- RECORDS FOR THE TASK:
◆ ◆ ◆ ◆

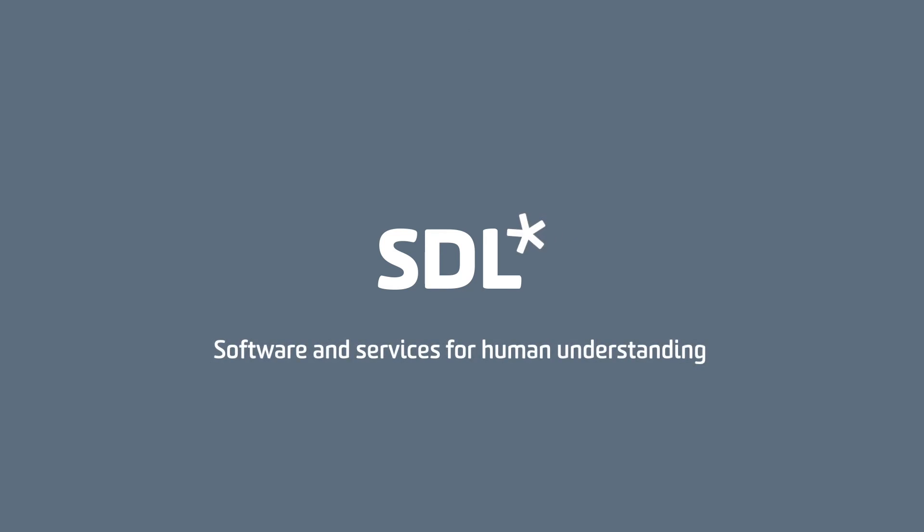That was about it for this presentation. We hope that you'll enjoy the new STL Online Editor, and we wish you happy translating. Goodbye!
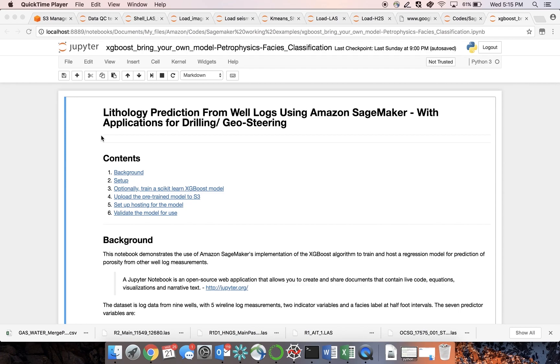Usually, this is a time-consuming manual process that requires analyzing each measurement separately. Also, core data is required for conventional rock typing and can be very expensive.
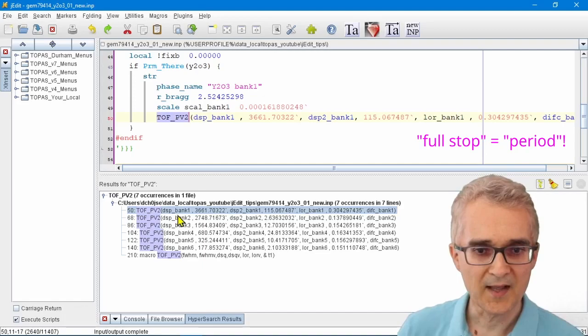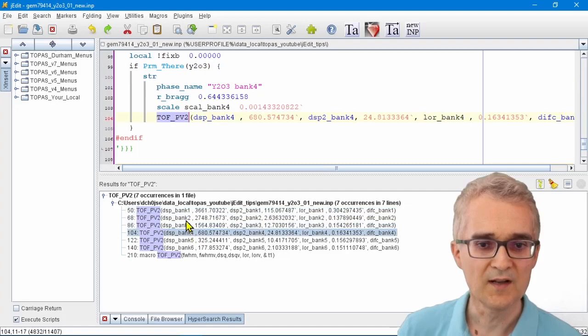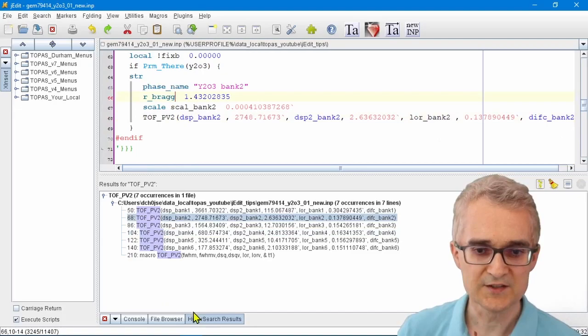That lists at the bottom all the places in the file where I've got this particular line entered. I can see the peak shape for bank one, bank two, bank three, bank four. If you want to look at one of them, just double click on it and you jump to that part of your input file. Alt+period is a really quick way of working.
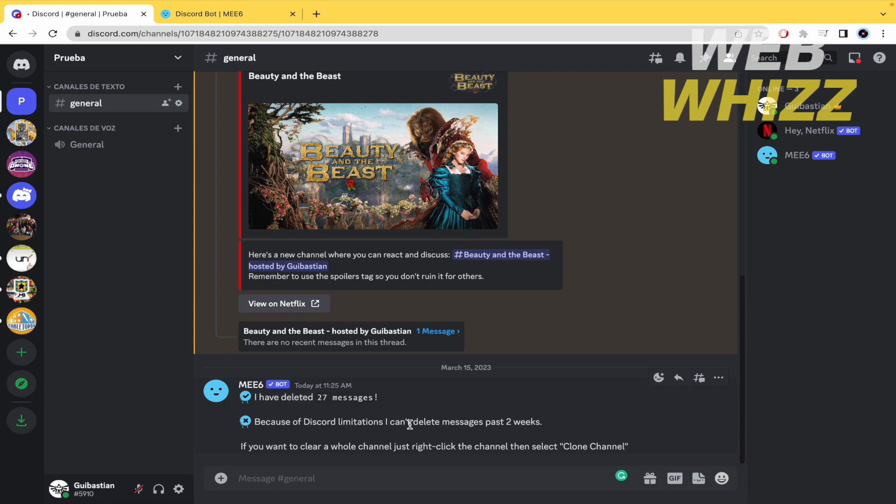And that's it. So this is how you can delete all your messages on Discord. Thanks for watching.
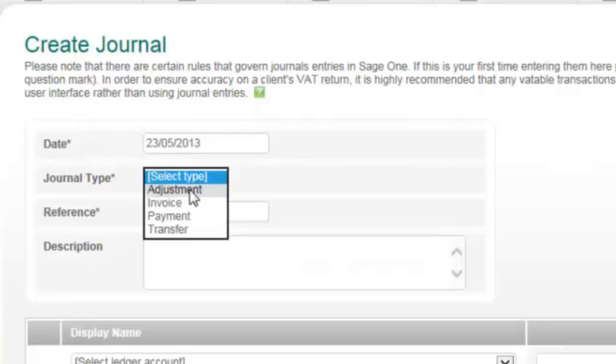And Transfer. Use this transaction type when transferring amounts between nominal codes, for example, Owner's Drawings or Bank Transfer. These journal entries are non-VATable.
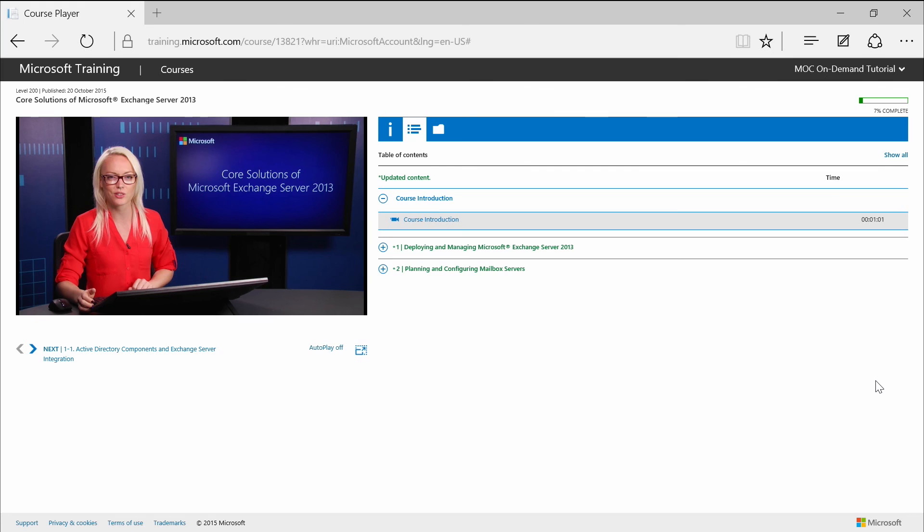So demos are a video walkthrough of a process or task. Labs are detailed exercises that use practice files and offer a more hands-on experience with the lesson material. And knowledge checks are a short quiz testing what you've learned in the lessons. Assessments test your knowledge of the course.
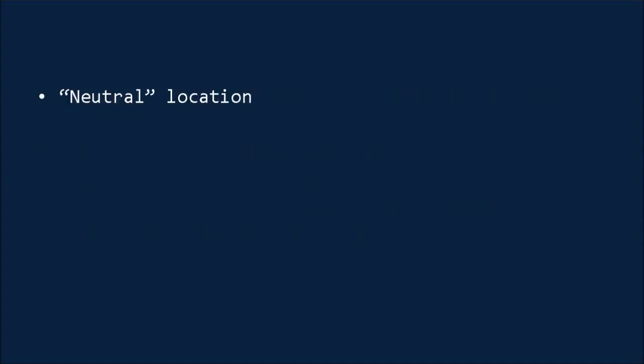Alternatively, you can choose somewhere neutral for your filming. This could be out in the park somewhere, or it could be walking through town. And these sorts of settings, again, remove the DIY element by taking you into a setting where people aren't going to see your dirty laundry in the background.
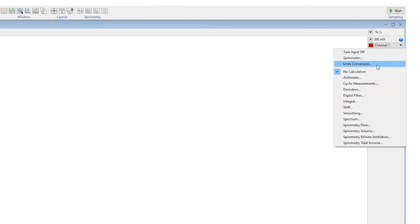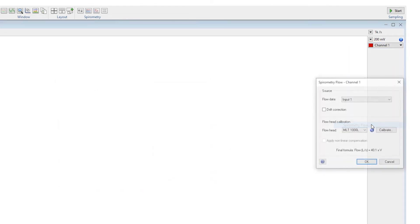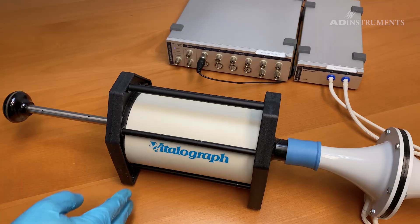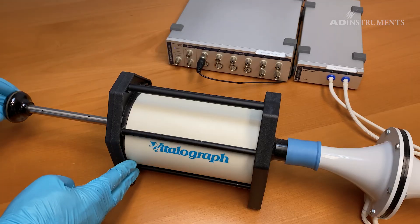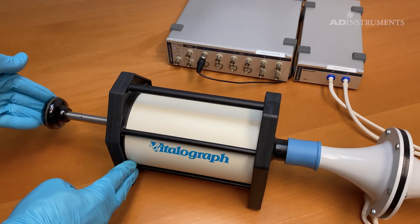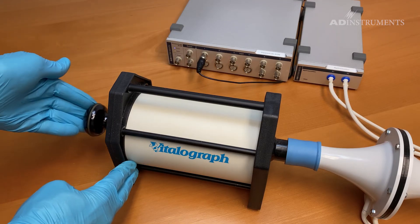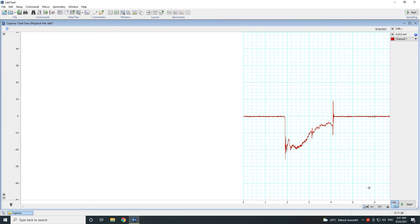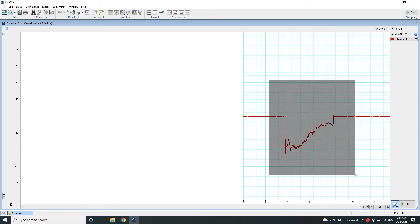You can use the spirometry extension to calibrate flow by using the preset values for various flow heads. If you do not want to use the preset value, you can calibrate manually using a calibration syringe to inject a known volume and have the extension calculate the conversion factor.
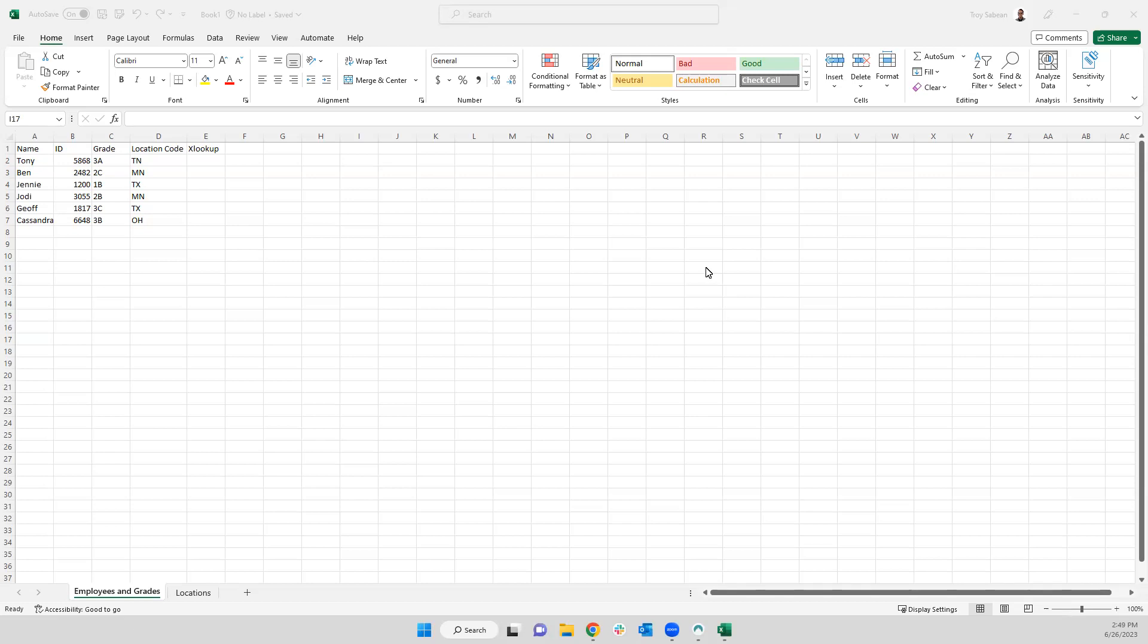The XLOOKUP function is a new and improved lookup function that is available within Microsoft Excel. This function is much more user-friendly and requires fewer inputs compared to a VLOOKUP, as well as an index match combined function approach for looking up data.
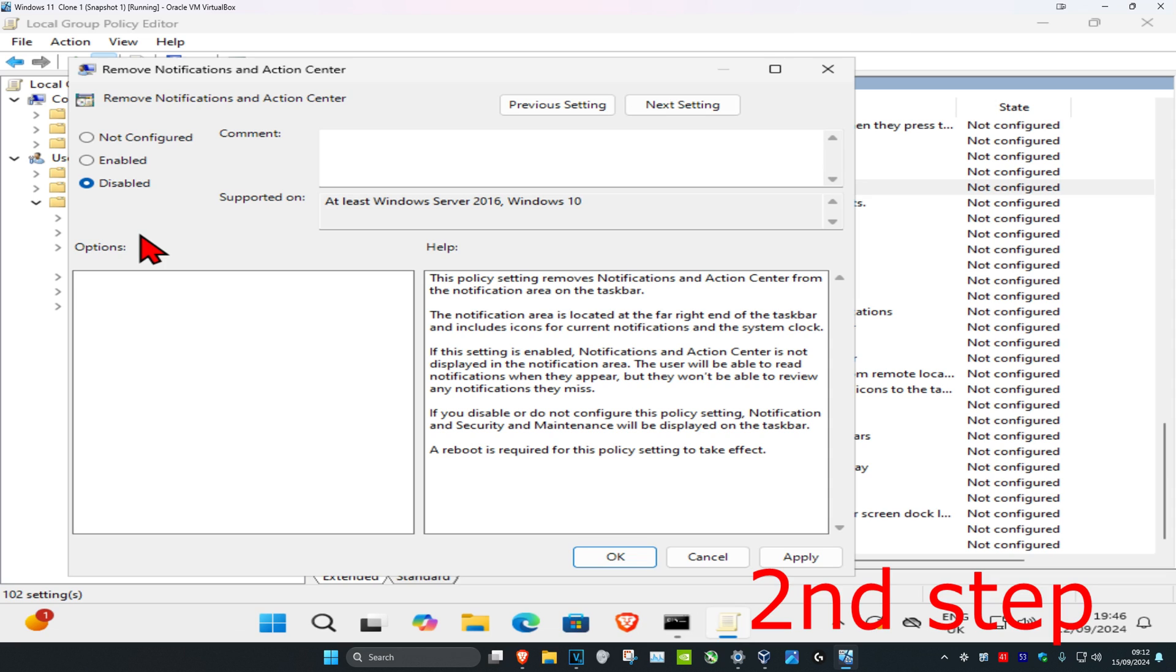So I'm going to say that again. If it's on not configured, it means that it's enabled. If it's on enabled, it means that it's disabled. And if it's on disabled, it means that it's enabled.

◆ ◆ ◆ ◆

All of the lines above must be repeated without alteration, though the pictures are to be excluded.

That was about it for this presentation. We hope that you'll enjoy the new STL Online Editor, and we wish you happy translating. Goodbye!
Usually, this is a time-consuming manual process that requires analyzing each measurement separately. Also, core data is required for conventional rock typing and can be very expensive.
That lists at the bottom all the places in the file where I've got this particular line entered. I can see the peak shape for bank one, bank two, bank three, bank four. If you want to look at one of them, just double click on it and you jump to that part of your input file. Alt+period is a really quick way of working.
And that's it. So this is how you can delete all your messages on Discord. Thanks for watching.
And Transfer. Use this transaction type when transferring amounts between nominal codes, for example, Owner's Drawings or Bank Transfer. These journal entries are non-VATable.
So demos are a video walkthrough of a process or task. Labs are detailed exercises that use practice files and offer a more hands-on experience with the lesson material. And knowledge checks are a short quiz testing what you've learned in the lessons. Assessments test your knowledge of the course.
Alternatively, you can choose somewhere neutral for your filming. This could be out in the park somewhere, or it could be walking through town. And these sorts of settings, again, remove the DIY element by taking you into a setting where people aren't going to see your dirty laundry in the background.
You can use the spirometry extension to calibrate flow by using the preset values for various flow heads. If you do not want to use the preset value, you can calibrate manually using a calibration syringe to inject a known volume and have the extension calculate the conversion factor.
The XLOOKUP function is a new and improved lookup function that is available within Microsoft Excel. This function is much more user-friendly and requires fewer inputs compared to a VLOOKUP, as well as an index match combined function approach for looking up data.
So I'm going to say that again. If it's on not configured, it means that it's enabled. If it's on enabled, it means that it's disabled. And if it's on disabled, it means that it's enabled.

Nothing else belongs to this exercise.